It looks very similar to the system made by f stop gear


----------



## xps (Jan 24, 2014)

vlim said:


> It looks very similar to the system made by f stop gear


Indeed. 
The price of the medium ICU is the same like the ICU from F-Stop.

I hope F-Stop will create an bigger backpack with an side-access to the Camera with an mounted lens.


----------



## Random Orbits (Jan 24, 2014)

I wish they made the modules wider. The interior is 10.5 wide. The 70-200 II with the hood is about 4.4" wide, which gives less than 3" (when dividers are accounted for) for two other lenses beside it, which isn't much.


----------



## Cali_PH (Jan 24, 2014)

Agreed, appears like their take on the F-Stop system, although of course they need to make it sound like it was their own innovation. 



xps said:


> I hope F-Stop will create an bigger backpack with an side-access to the Camera with an mounted lens.



F-Stop has a newer model, the Kenti, with side-access; wasn't sure if you were not aware, or if you were but wanted a bigger version.


----------



## m (Jan 24, 2014)

Looks like an update to the Lowepro CompuPrius design, now with an even more modular interior.

I don't like the tripod mount being on the backside of the backpack for some reasons:

- The heavier the part, the closer it should be to you.
Sure enough, your fancy carbon basalt titanium mithril Tripod is not actually heavy, but admittedly, with a proper head on top of it, one cannot deny that there still is some weight to the whole thing.
All that equipment dangling far away from you is not very comfortable.

- consider this video:
https://www.youtube.com/watch?v=POISjrXOa2s
Imagine that a tripod is mounted to the backpack, guess where its spikes will rest while you get your camera out. 

- placing the backpack on the floor is not very convenient

The tripod strap has a few flaws.
It comes with a hydration system. Why would one want to tie the functionality of attaching a tripod to your backback to having a hydration system?

It seems to be an overpriced accessory, but then they explicitly state that a MBP fits into the pack, so I can image where they got that idea from.

---

I love the idea of a modular system. Since I am looking for bags, I was wondering why companies aren't doing that.


----------



## NancyP (Jan 24, 2014)

Why, oh why can't photo pack manufacturers get it into their heads that packs should come in various torso lengths or have a length-adjustable harness, and have exchangeable male-cut and female-cut shoulder straps, like real backpacks? Gura Gear missed the boat on this new pack. 30 pounds of kit is 30 pounds of kit, whether it be photographic or camping kit. If you are going to be carrying it for more than a few hundred yards, you want the pack harness to fit properly. NO-ONE, at least in the mass-market and deluxe photo pack markets, including f-stop with its otherwise well-designed and well-made packs, makes packs with adjustable or sized harnesses. There is one large-format-specific pack that is more or less sewn to order by a very small company.


----------



## t.linn (Jan 24, 2014)

Yeah, on first glance this looks like a rip-off of the f-stop packs. I have two of them and love them except for one thing: the lack of rounded corners on the zippers of the ICU make opening them while they are inside the pack a hassle. The alternative, leaving the ICU unzipped, allows debris or other miscellaneous to get in with your camera gear. Perhaps GG has put more thought into this.

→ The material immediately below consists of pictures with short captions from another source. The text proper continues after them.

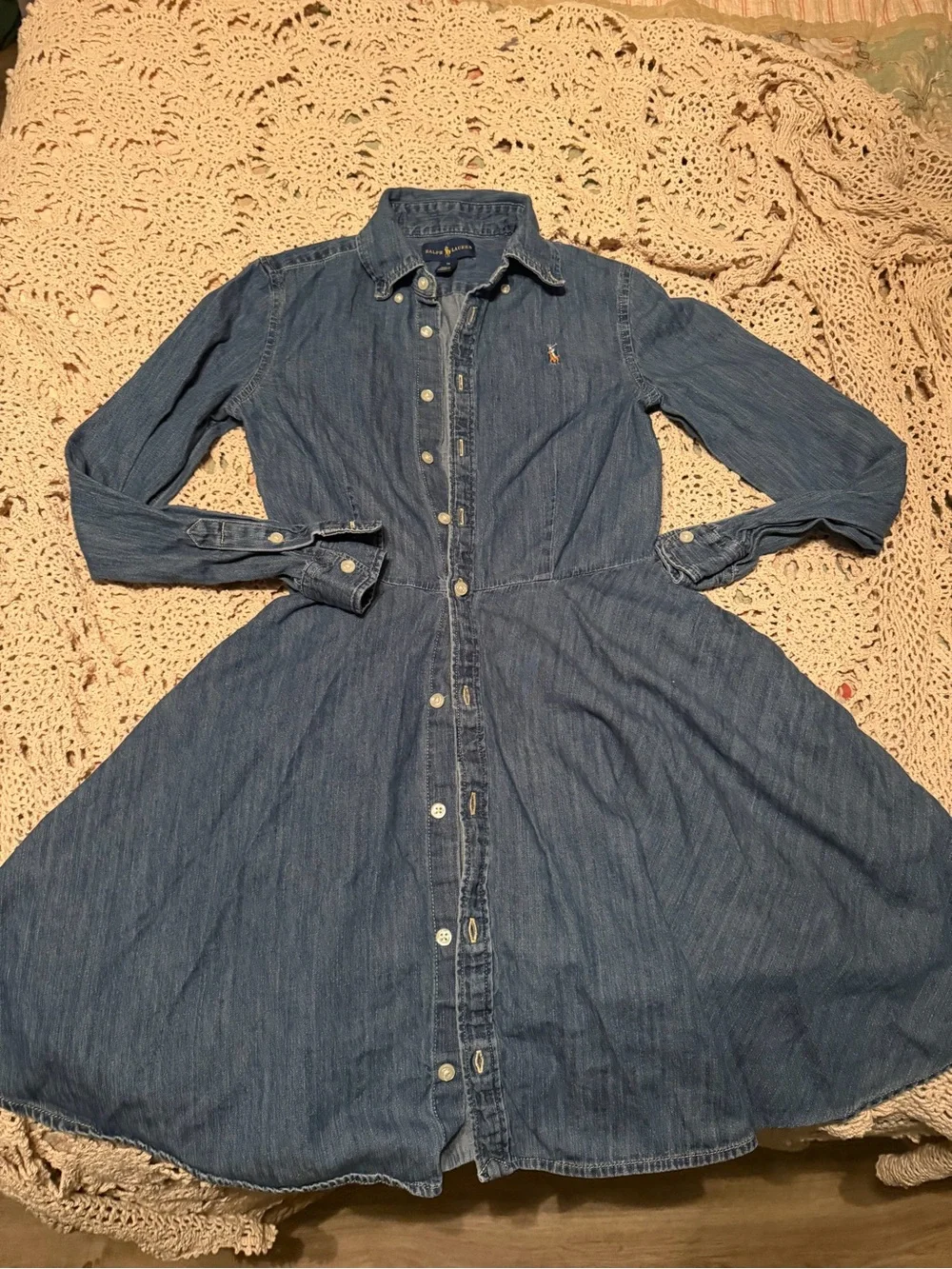 Ralph Lauren Denim Button-Front Long Sleeve Shirt Dress in Blue sz 14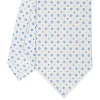CRAVATTA SARTORIALE CLASSICA IN SETA BIANCA Microfantasia fiore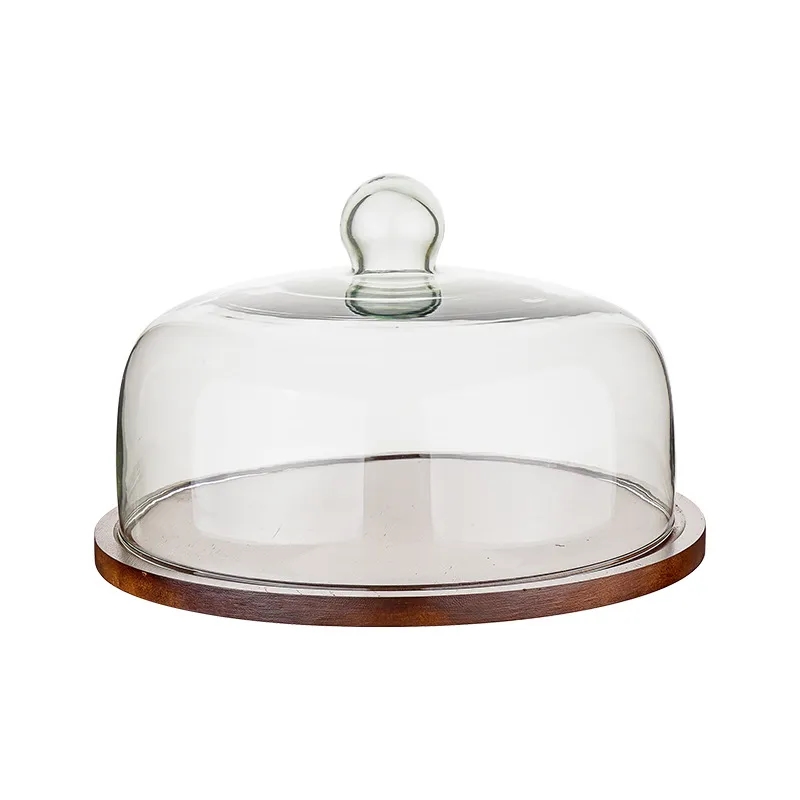 10" Wooden Cake Plate with Glass Dome and Knob Handle
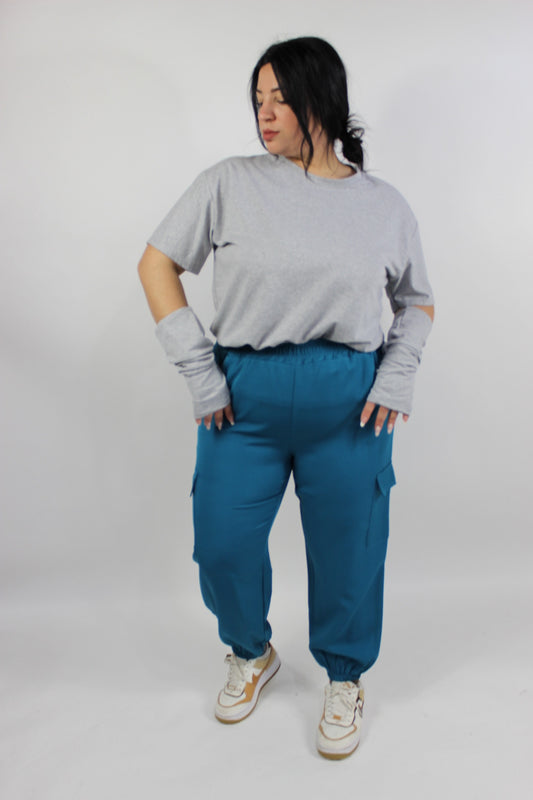 Pantalone Cargo Curvy Verde Petrolio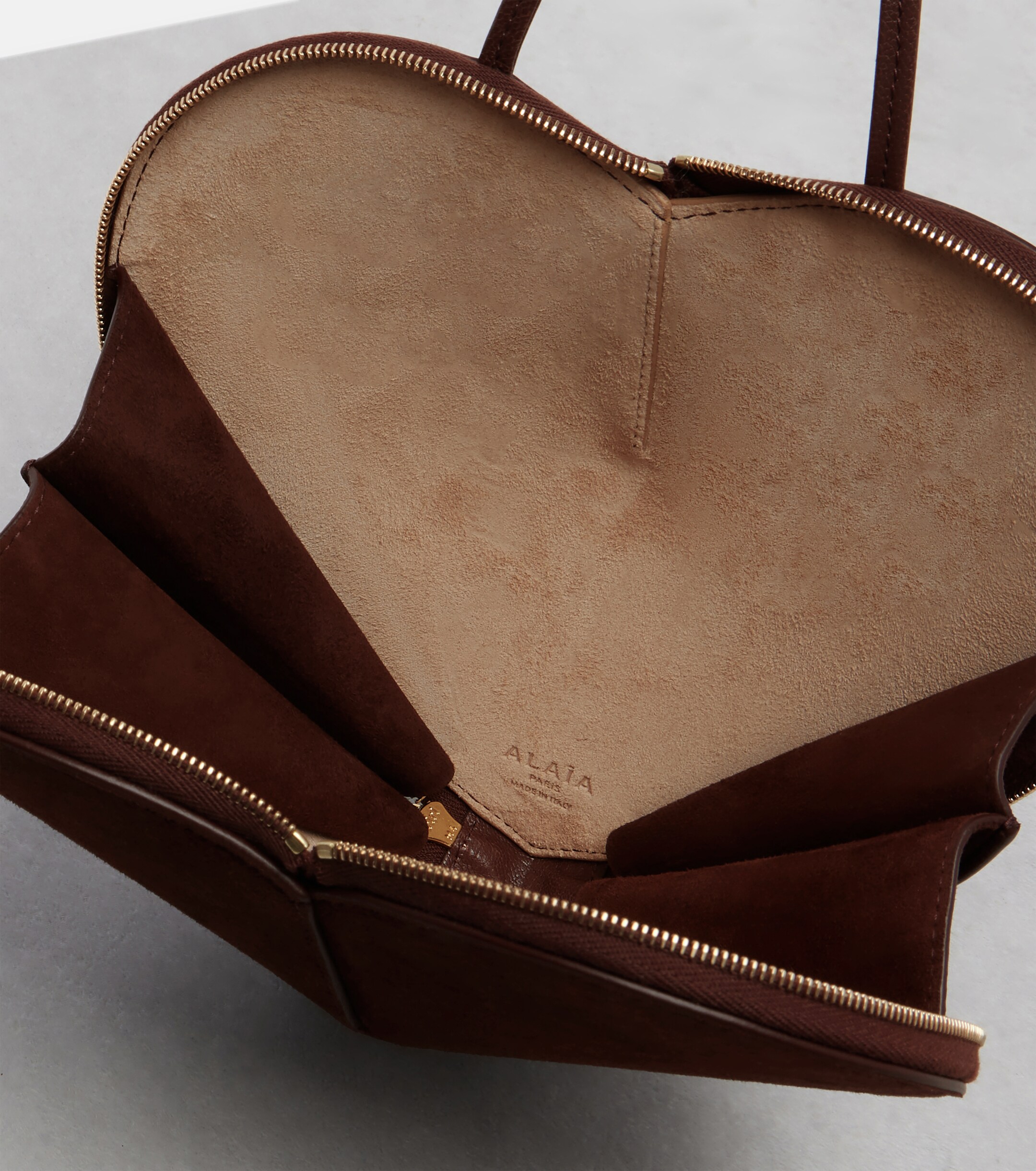 Alaïa Le Cœur Small leather and suede shoulder bag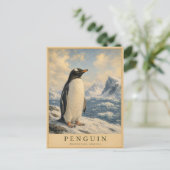 Pinguïn Antarctische Kust VINTAGE Briefkaart (Staand voorkant)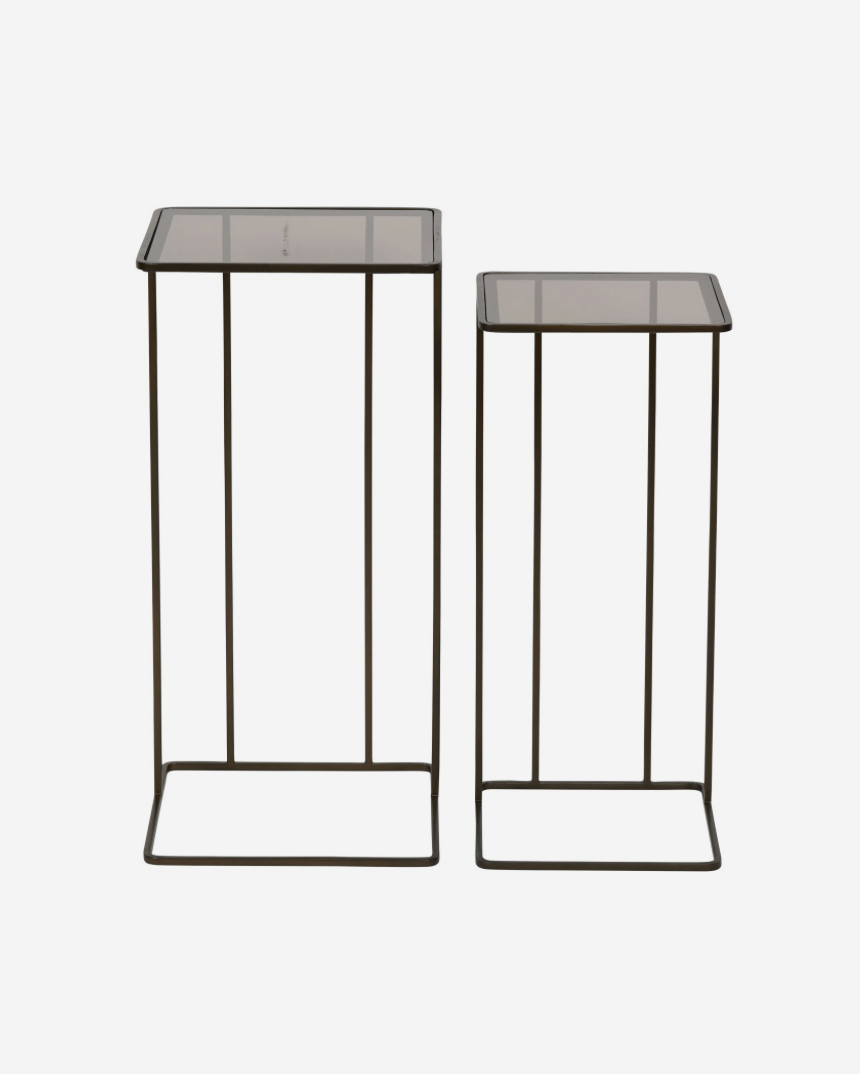 Salzburg Set of 2 Glass and Metal Side Tables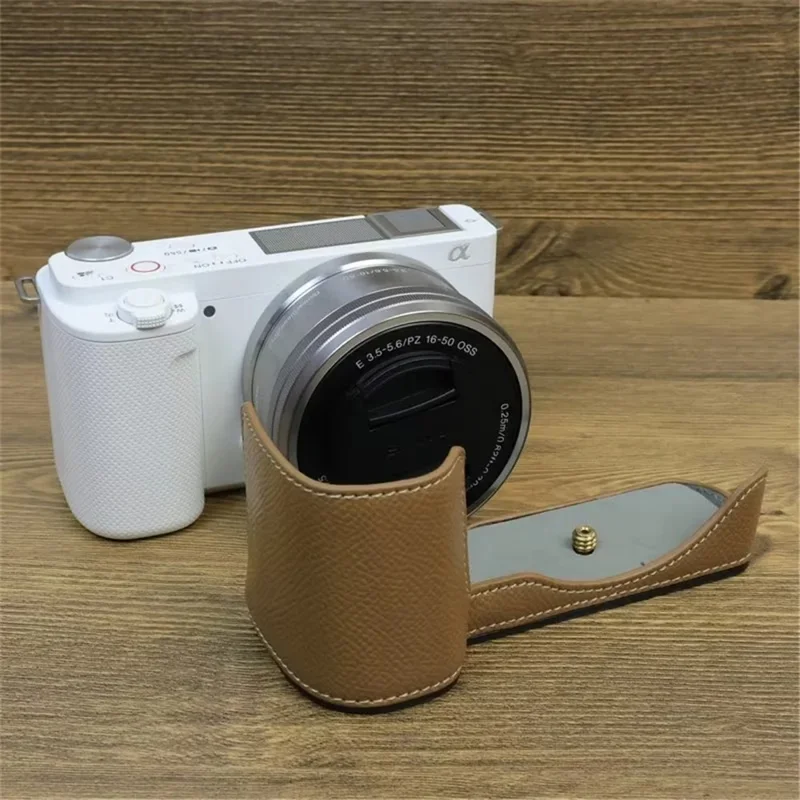 Til Sony ZV-E10 PU-læder kamerataske, halv krop, kradssikker beskyttelsesdæksel - Khaki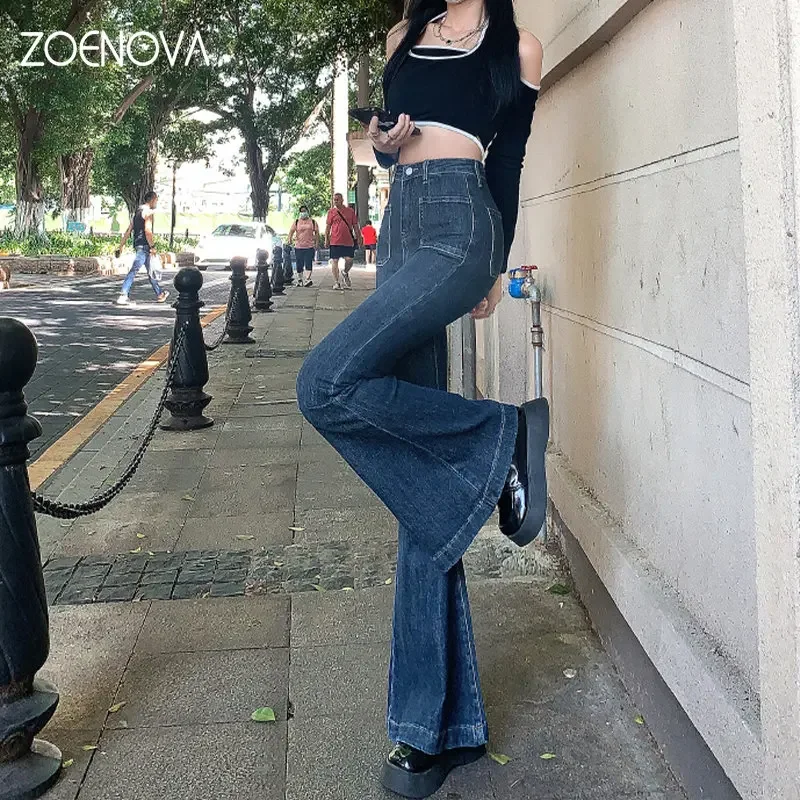 ZOENOVA Y2K 2023, pantalones vaqueros Vintage azules de cintura alta para mujer, pantalones vaqueros largos acampanados de pierna ancha, ropa de calle vaquera elástica para mujer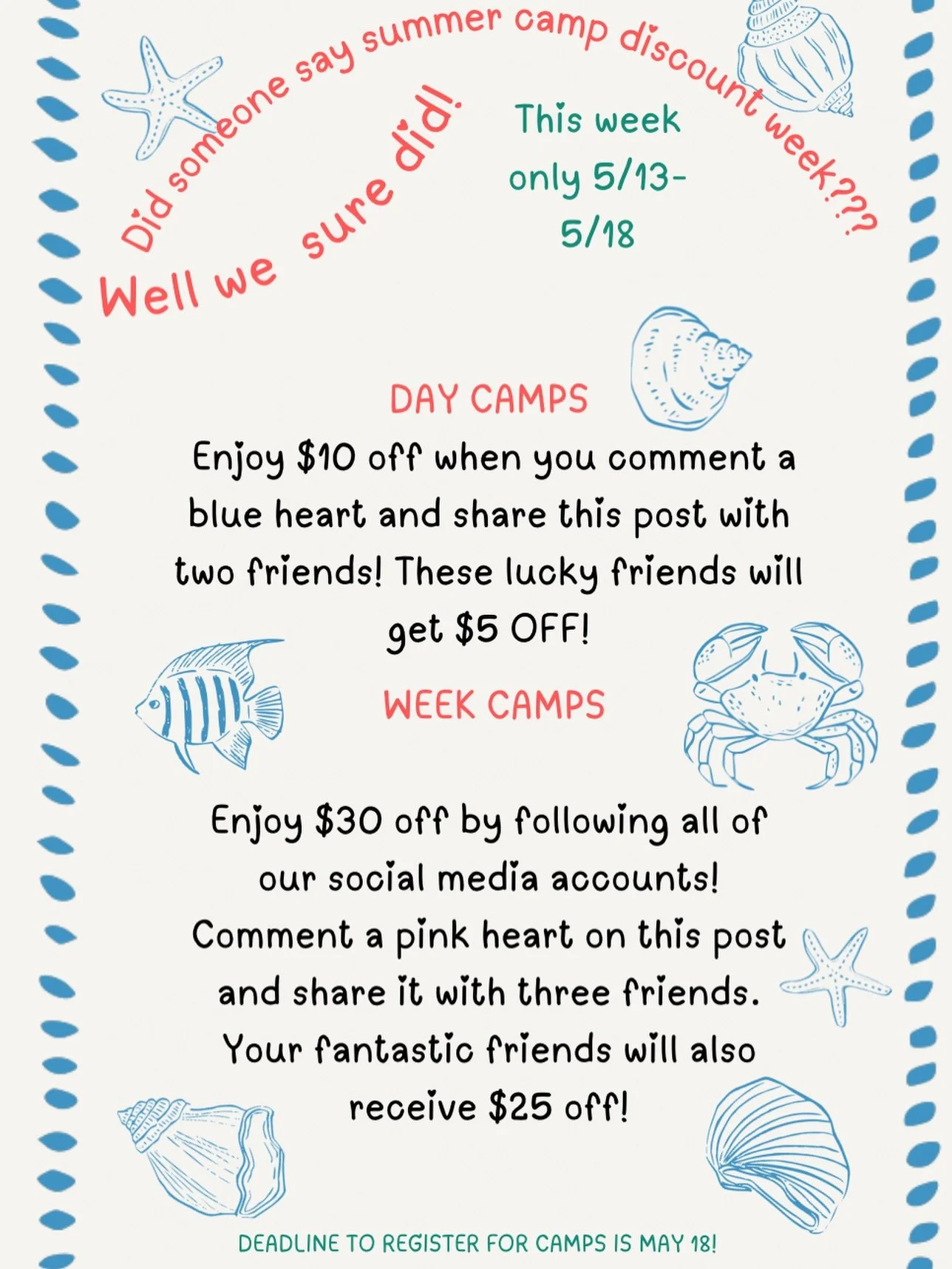 ☀️ SURPRISE SUMMER CAMP DISCOUNT WEEK ☀️

Need summer plans? We&rsquo;ve got you covered 🌊🐚

For THIS WEEK ONLY (5/13&ndash;5/18), enjoy special discounts on BOTH day camps and week camps at The Flip Spot! 🤸&zwj;♀️💙

Spots are filling FAST and re
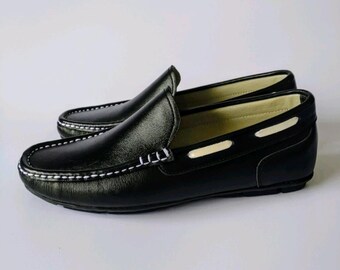 Mike Konos Navy Leather Driving Moccasins Loafers Made in  display picture 2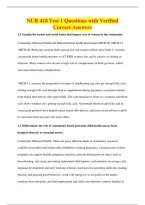NUR 418 Test 1 Questions with Verified&NewLine;Correct Answers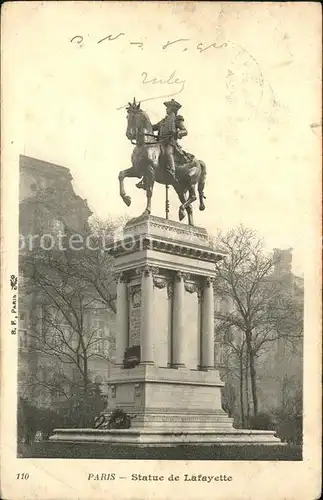 Paris Statue de Lafayette Reiterdenkmal Kat. Paris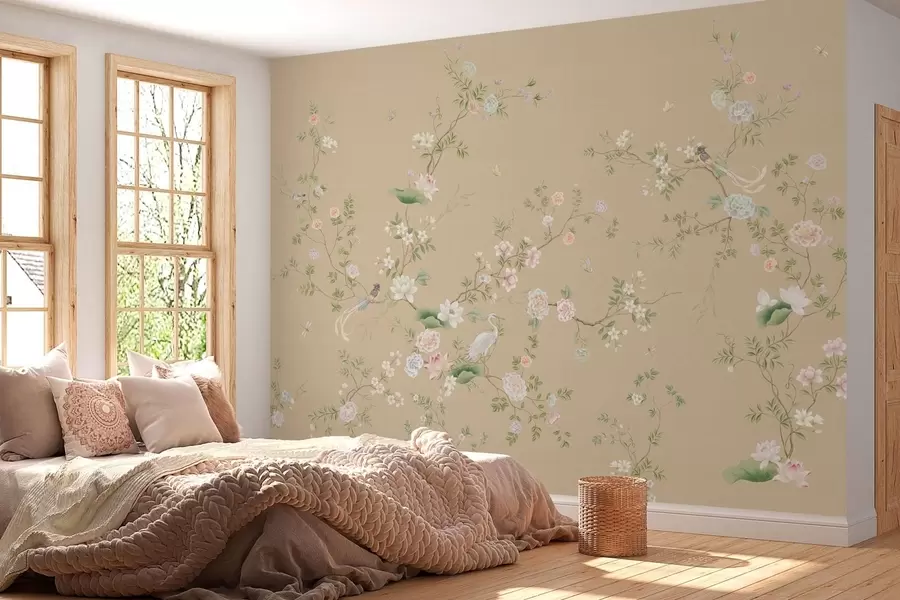 Fotobehang Bloeiende takken met vogels op warm beige w05416v2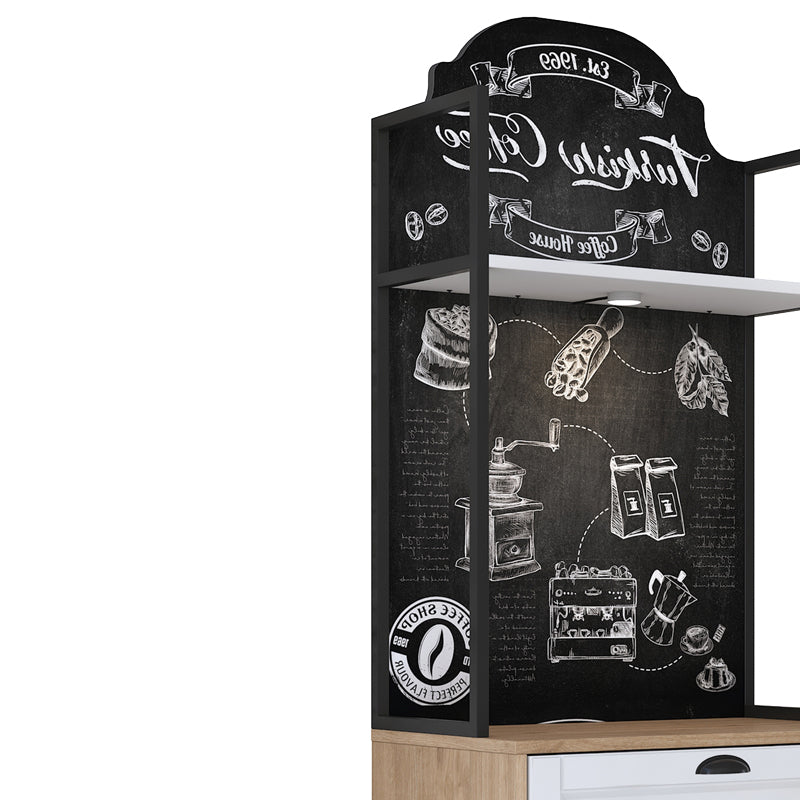 Buffet with shelf Lordien pakoworld white melamine-black metal leg 70x40x184.6cm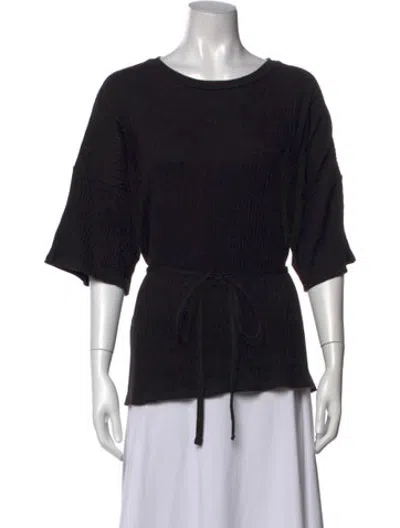 Pre-owned Baserange Crew Neck Short Sleeve Top In Black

I'm also a little surprised that GG doesn't use the lightweight sailcloth that is employed in the construction of their other lines.


----------



## t.linn (Jan 24, 2014)

m said:


> I don't like the tripod mount being on the backside of the backpack for some reasons:
> 
> - The heavier the part, the closer it should be to you.
> Sure enough, your fancy carbon basalt titanium mithril Tripod is not actually heavy, but admittedly, with a proper head on top of it, one cannot deny that there still is some weight to the whole thing.
> All that equipment dangling far away from you is not very comfortable.



I completely agree with this. Placing the tripod in that location makes it seem heavier than it actually is (high school physics, anyone?). But side mounting isn't really any better. Then you've got a potential weight distribution issue. My personal preference is to carry the tripod across the top of the pack parallel to my shoulders. The weight is centered and close to my body making it easy to carry; and it keeps my pack as thin as possible. My collapsed tripod is short enough that I don't have to really worry about it sticking out much from my body. This doesn't work with all pack designs, of course, so it is something I look for before I invest in a pack.


----------



## m (Jan 25, 2014)

t.linn said:


> But side mounting isn't really any better. Then you've got a potential weight distribution issue.



I agree, still one can at least try to balance it out.

My tripod is 69cm + head, so that's quite a big thing to put on top of the pack =/


----------



## crank47 (Jan 25, 2014)

Looks like a total F-Stop ripoff. Still F-Stop has more modular packs with additional straps and compartments for all sort of things, you can really store a ton of gear... I'll pass on this.


----------



## Caps18 (Jan 26, 2014)

Is it just me, or did they not have a good picture of how your camera gear could be laid out, protected, and organized? The video shows how you can get to it quickly, but I would like to see more real world examples. 

And I agree, where is the camera bag for the multi-night camper/hiker? Maybe it exists, I'm not an expert on backpacks. I used a lightweight thin backpack when riding a bike around San Francisco that worked out well. It didn't scream "expensive camera bag" either, which was nice.


----------



## candc (Jan 26, 2014)

Caps18 said:


> Is it just me, or did they not have a good picture of how your camera gear could be laid out, protected, and organized? The video shows how you can get to it quickly, but I would like to see more real world examples.
> 
> And I agree, where is the camera bag for the multi-night camper/hiker? Maybe it exists, I'm not an expert on backpacks. I used a lightweight thin backpack when riding a bike around San Francisco that worked out well. It didn't scream "expensive camera bag" either, which was nice.



I have been looking into a pack like this for myself but this one is a bit too small and not customizable enough for my needs. I think this one by fstop gear would be better for weekend multi day BC trips.

http://shop.fstopgear.com/us/products/mountain/backpacks/satori-exp.html#.UuR08pDnbbU


----------



## Caps18 (Jan 26, 2014)

I'd be impressed when they fit a Gitzo tripod with whimberley head on it inside of a backpack, along with a camera, lenses, clothes, food, and tent. All of which needs to be easily accessible and ready to shoot in about 60 seconds. ;D


----------